Probabilistic prediction of low-level vortices associated with mesoscale vortex tornadoes using EnKF data assimilation and implications for warn-on-forecast

In operational severe weather forecasting, the transition from the current paradigm of “warn-on-observation” to “warn-on-forecast” (Stensrud 2009 BAMS) to increase lead-time for localized severe weather warnings (for, e.g., flash floods, severe thunderstorms, and tornadoes) represents a significant challenge. Successful implementation of a warn-on-forecast system will require accurate short-term (0-3 hour), storm-resolving, probabilistic numerical forecasts which assimilate data from multiple observing platforms, particularly Doppler radar. In this study we examine the feasibility of one such analysis and forecast system, using an ensemble Kalman filter (EnKF) to assimilate radar data from 4 CASA X-band radars and 5 WSR-88D S-band radars for the tornadic mesoscale convective system of 8-9 May 2007 over western and central Oklahoma. During this event, 3 tornadoes occurred just to the north of the CASA IP-1 radar network, 2 of EF-1 intensity, and 1 of EF-0 intensity. Ensemble-based probabilistic forecast products are generated, focusing on the prediction of near-surface radar reflectivity and low-level circulations.

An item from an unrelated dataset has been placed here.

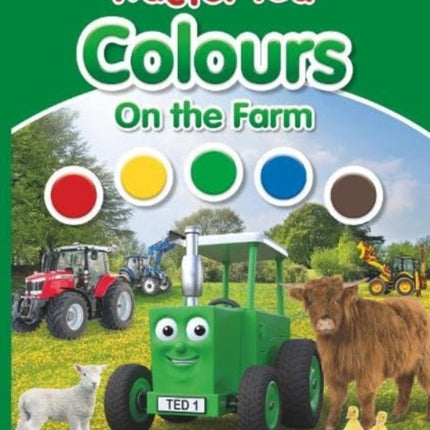 Tractor Ted Colours on the Farm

The Advanced Regional Prediction System (ARPS) EnKF data assimilation system is used to assimilate CASA and WSR-88D radar data. The ensemble used contains 40 members, and radar data are assimilated every 5 minutes for 1 hour. Three experiments are conducted, examining the impact of CASA radar data and use of a mixed-microphysics ensemble. Results from these 3 experiments will also be compared to those of ongoing experiments assimilating mesonet, surface, and aircraft observations, and to results obtained using a 3DVAR assimilation method and an identical grid setup.

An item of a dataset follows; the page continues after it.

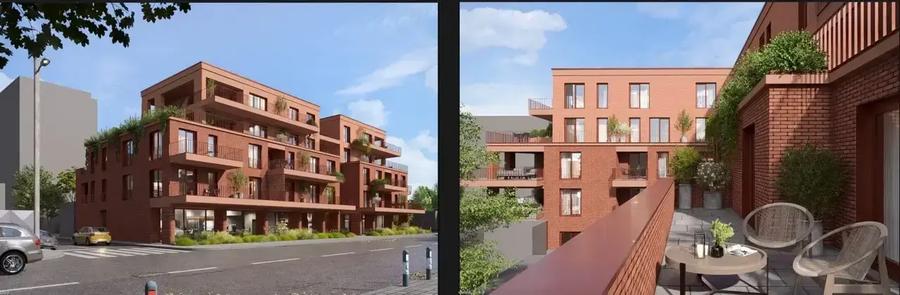 Apartament cu 3 camere decomandat în Barbu Văcărescu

During the forecast period, the experiment using both CASA radar data and a mixed-microphysics ensemble produces the best forecast of low-level reflectivity structure and mesocyclone location. The ensemble system is successful in predicting with high probability the mesoscale circulation associated with the first of three reported tornadoes; the control experiment indicates a maximum probability of 0.65 of a significant low-level vortex being present, located within 10 km of the reported tornado and its corresponding mesoscale circulation as observed by WSR-88D. The results of these experiments suggest that both the inclusion of additional low-level radar data and the use of a mixture of microphysics schemes within an ensemble can markedly improve the quality of short-term storm-scale numerical forecasts, and that an operational EnKF-based ensemble analysis and probabilistic forecast system to support a convective-scale warn-on-forecast paradigm may soon become plausible, limited only by the availability of sufficient computational resources.